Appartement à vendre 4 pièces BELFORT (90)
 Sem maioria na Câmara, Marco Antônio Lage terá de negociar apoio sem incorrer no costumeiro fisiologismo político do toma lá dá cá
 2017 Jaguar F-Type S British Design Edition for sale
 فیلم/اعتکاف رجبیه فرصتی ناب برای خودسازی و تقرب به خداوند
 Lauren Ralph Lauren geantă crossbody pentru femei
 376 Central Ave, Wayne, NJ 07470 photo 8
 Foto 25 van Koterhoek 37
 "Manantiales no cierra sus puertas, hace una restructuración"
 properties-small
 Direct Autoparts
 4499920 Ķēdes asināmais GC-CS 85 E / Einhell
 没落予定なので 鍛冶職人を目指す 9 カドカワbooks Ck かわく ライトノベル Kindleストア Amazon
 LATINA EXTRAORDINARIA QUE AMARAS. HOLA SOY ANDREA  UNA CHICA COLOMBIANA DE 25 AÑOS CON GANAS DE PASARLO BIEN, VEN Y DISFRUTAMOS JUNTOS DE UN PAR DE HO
________
Required action => Take the records above and return, word for word, only the lines that fall from the line with "376 Central Ave, Wayne, NJ 07470 photo 8" to the line with "没落予定なので 鍛冶職人を目指す 9", both of them included.

Answer to the problem =>
 376 Central Ave, Wayne, NJ 07470 photo 8
 Foto 25 van Koterhoek 37
 "Manantiales no cierra sus puertas, hace una restructuración"
 properties-small
 Direct Autoparts
 4499920 Ķēdes asināmais GC-CS 85 E / Einhell
 没落予定なので 鍛冶職人を目指す 9 カドカワbooks Ck かわく ライトノベル Kindleストア Amazon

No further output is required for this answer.